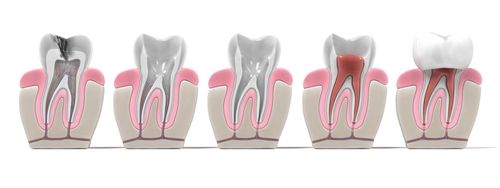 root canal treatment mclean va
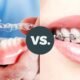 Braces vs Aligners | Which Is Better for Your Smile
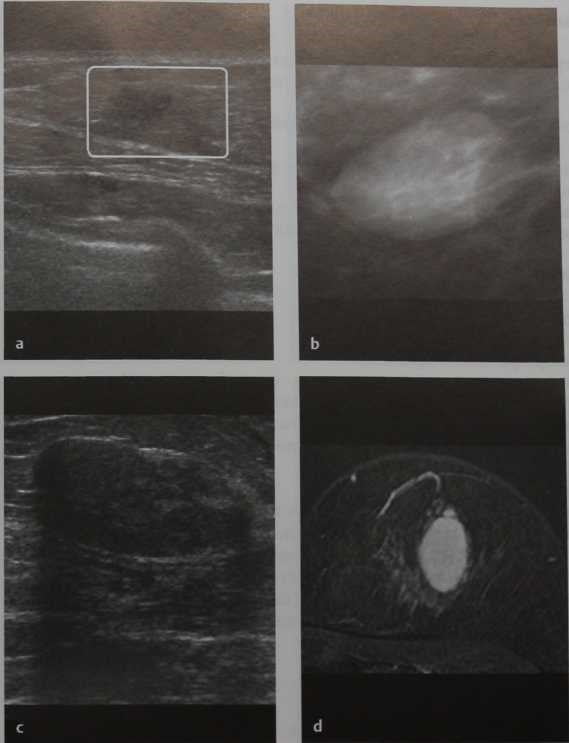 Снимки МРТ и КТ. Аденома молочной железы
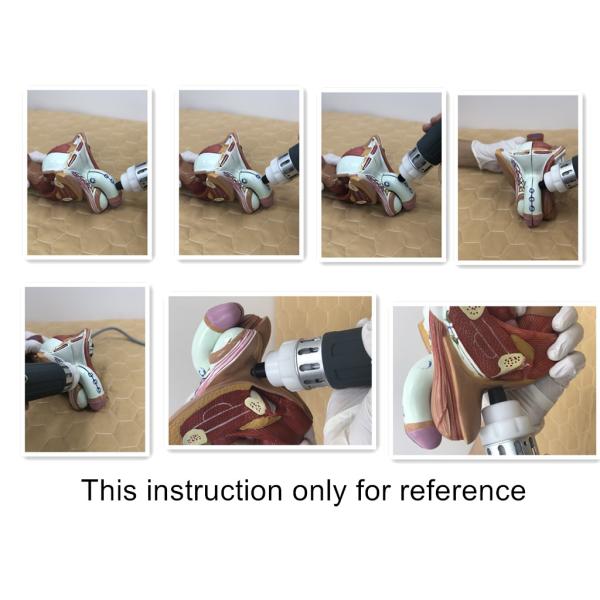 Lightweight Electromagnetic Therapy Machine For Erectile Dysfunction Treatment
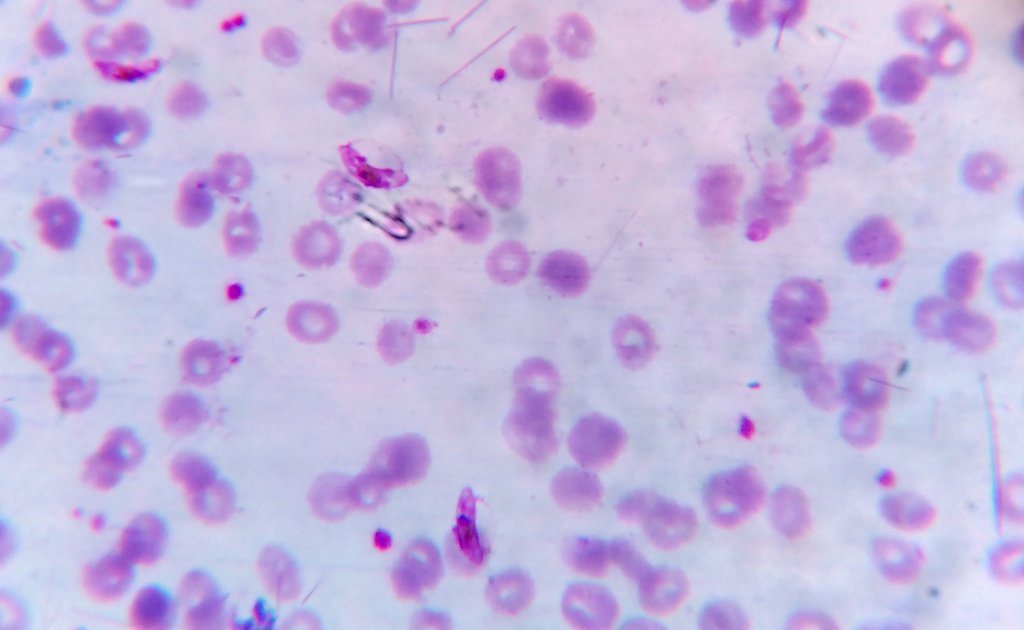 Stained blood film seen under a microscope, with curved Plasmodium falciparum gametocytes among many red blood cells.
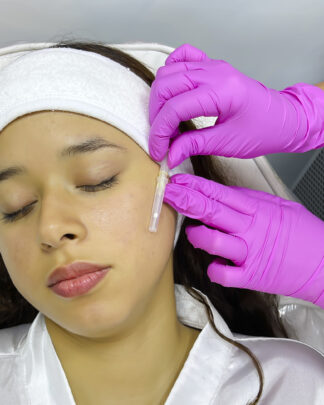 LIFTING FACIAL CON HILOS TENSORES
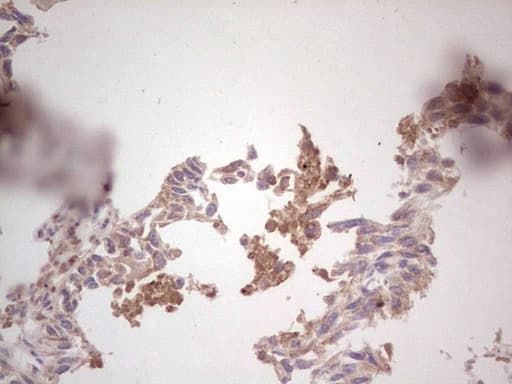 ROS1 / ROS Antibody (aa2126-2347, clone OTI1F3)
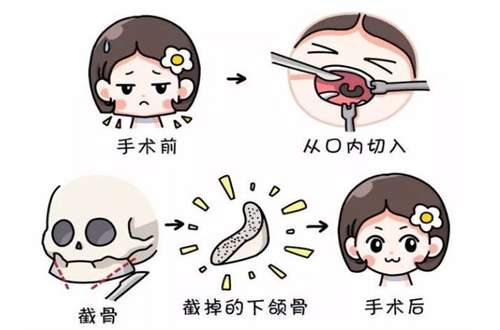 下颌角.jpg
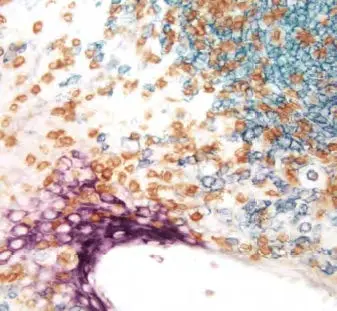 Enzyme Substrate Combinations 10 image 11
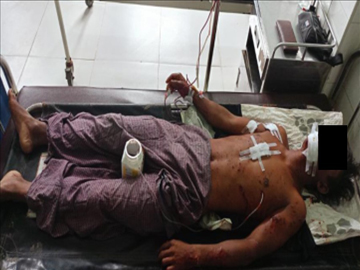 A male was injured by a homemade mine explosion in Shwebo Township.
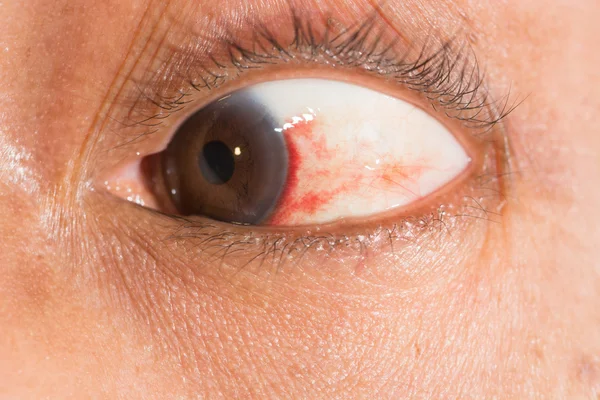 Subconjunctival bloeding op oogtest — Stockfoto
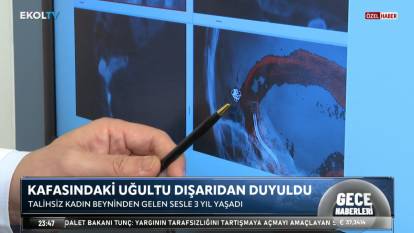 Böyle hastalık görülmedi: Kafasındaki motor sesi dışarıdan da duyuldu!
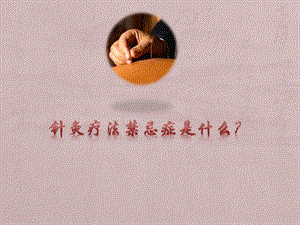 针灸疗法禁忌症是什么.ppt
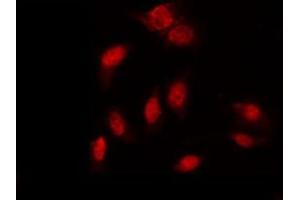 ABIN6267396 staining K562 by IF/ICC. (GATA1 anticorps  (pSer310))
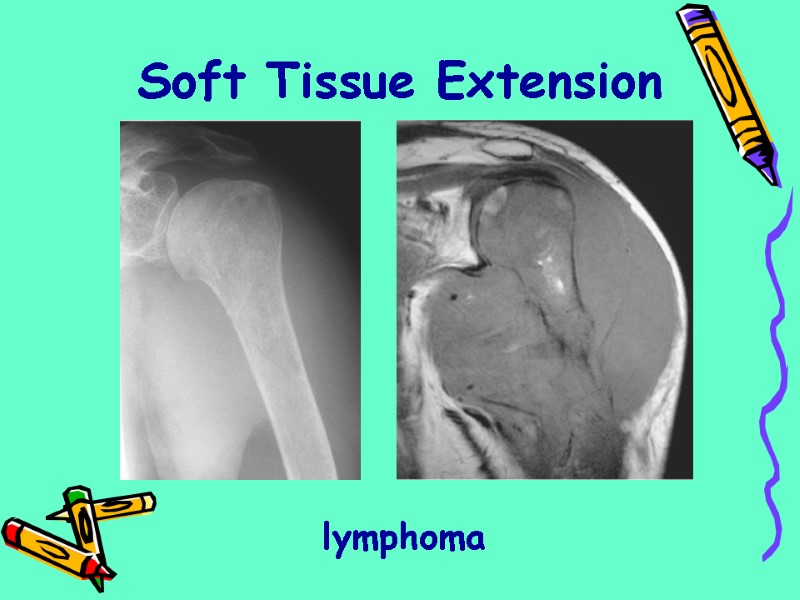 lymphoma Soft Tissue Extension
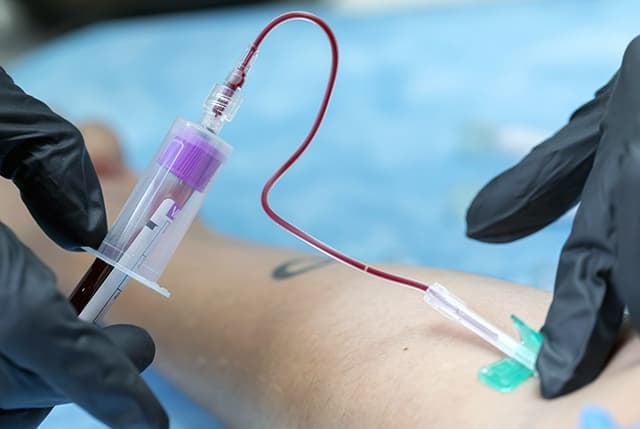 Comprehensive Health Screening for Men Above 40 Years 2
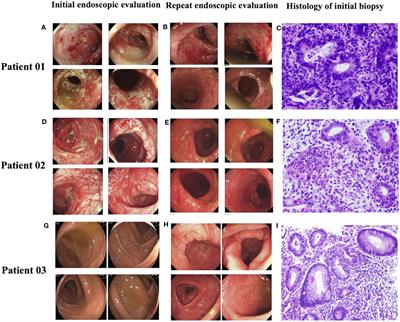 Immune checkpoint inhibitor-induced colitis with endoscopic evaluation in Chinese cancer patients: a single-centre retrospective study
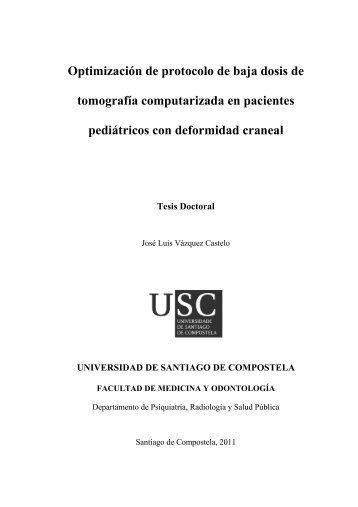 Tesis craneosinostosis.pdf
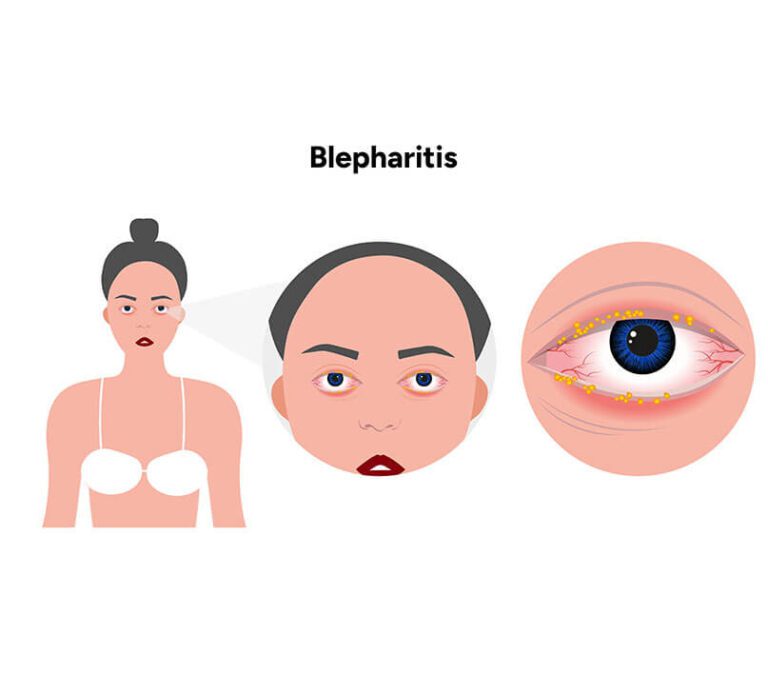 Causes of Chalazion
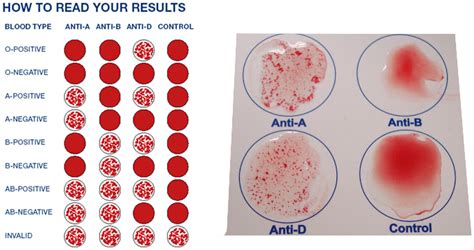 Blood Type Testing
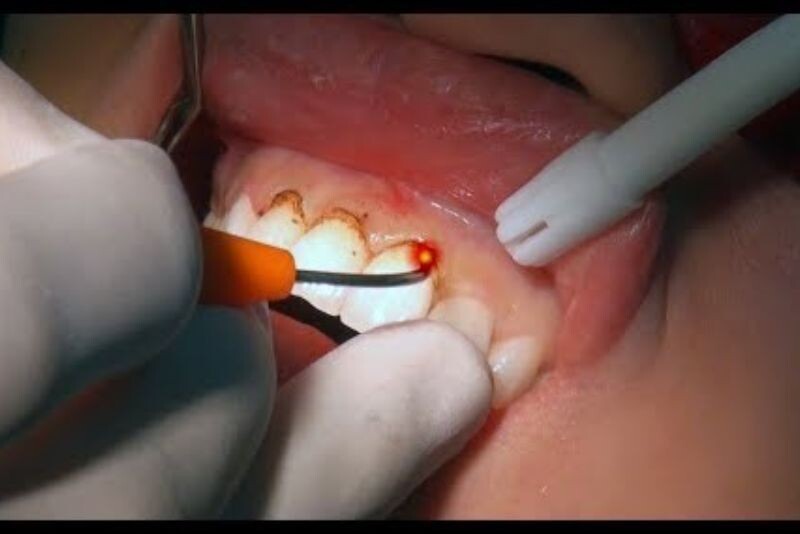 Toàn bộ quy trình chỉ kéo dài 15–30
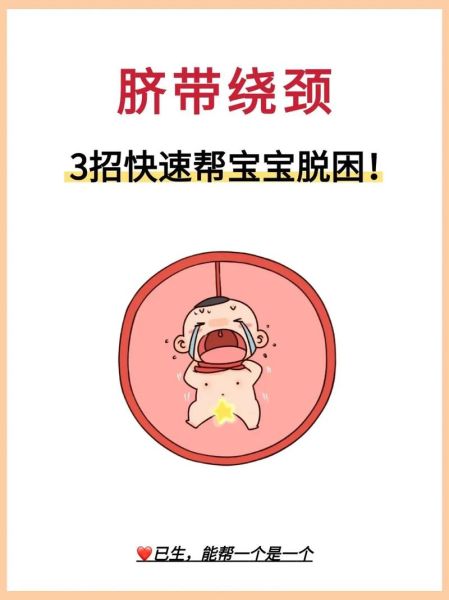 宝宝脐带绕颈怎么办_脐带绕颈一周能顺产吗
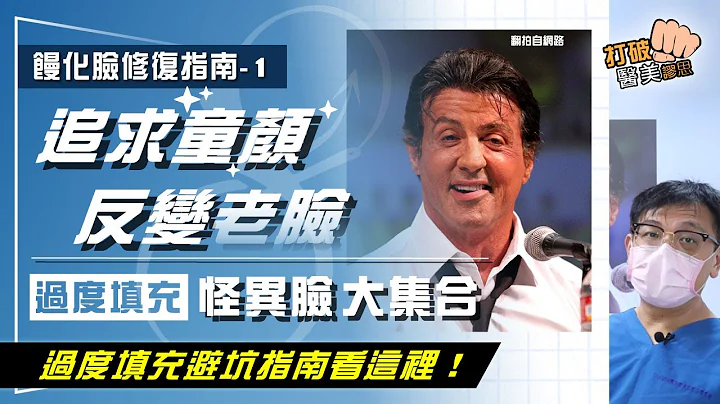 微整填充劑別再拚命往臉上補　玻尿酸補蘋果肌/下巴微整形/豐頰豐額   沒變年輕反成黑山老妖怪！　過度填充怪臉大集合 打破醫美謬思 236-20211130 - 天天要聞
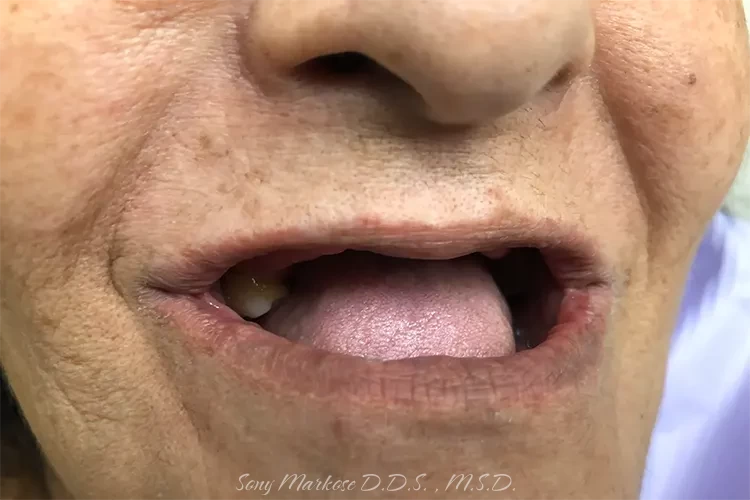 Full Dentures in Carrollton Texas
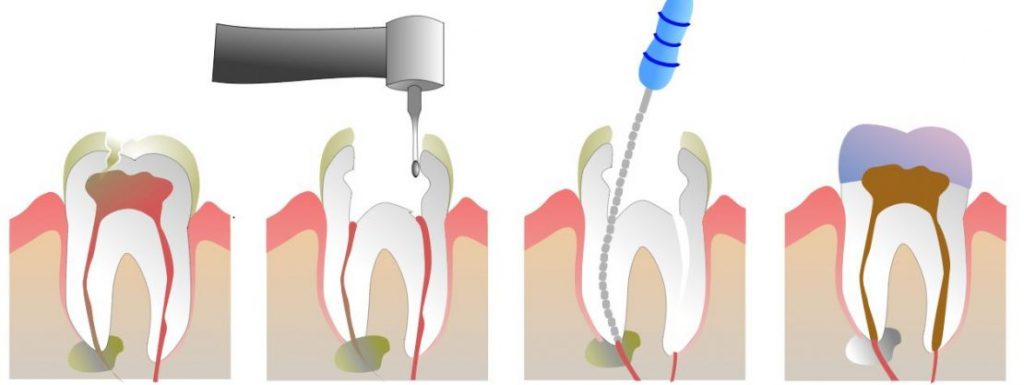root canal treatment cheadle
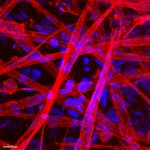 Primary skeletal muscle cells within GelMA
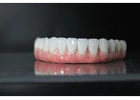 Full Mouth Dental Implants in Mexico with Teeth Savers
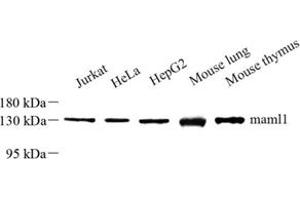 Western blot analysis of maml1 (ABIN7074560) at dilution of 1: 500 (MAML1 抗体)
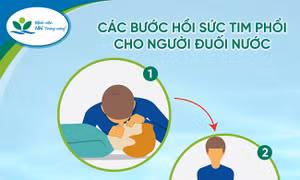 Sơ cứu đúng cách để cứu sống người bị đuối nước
━━━━━━
## [TASK]
With pictures left out, repeat exactly the lines from the one containing "Tesis craneosinostosis.pdf" through the last line of the data above, inclusive, and nothing else.

## [ANSWER AREA]
 Tesis craneosinostosis.pdf
 Causes of Chalazion
 Blood Type Testing
 Toàn bộ quy trình chỉ kéo dài 15–30
 宝宝脐带绕颈怎么办_脐带绕颈一周能顺产吗
 微整填充劑別再拚命往臉上補　玻尿酸補蘋果肌/下巴微整形/豐頰豐額   沒變年輕反成黑山老妖怪！　過度填充怪臉大集合 打破醫美謬思 236-20211130 - 天天要聞
 Full Dentures in Carrollton Texas
root canal treatment cheadle
 Primary skeletal muscle cells within GelMA
 Full Mouth Dental Implants in Mexico with Teeth Savers
 Western blot analysis of maml1 (ABIN7074560) at dilution of 1: 500 (MAML1 抗体)
 Sơ cứu đúng cách để cứu sống người bị đuối nước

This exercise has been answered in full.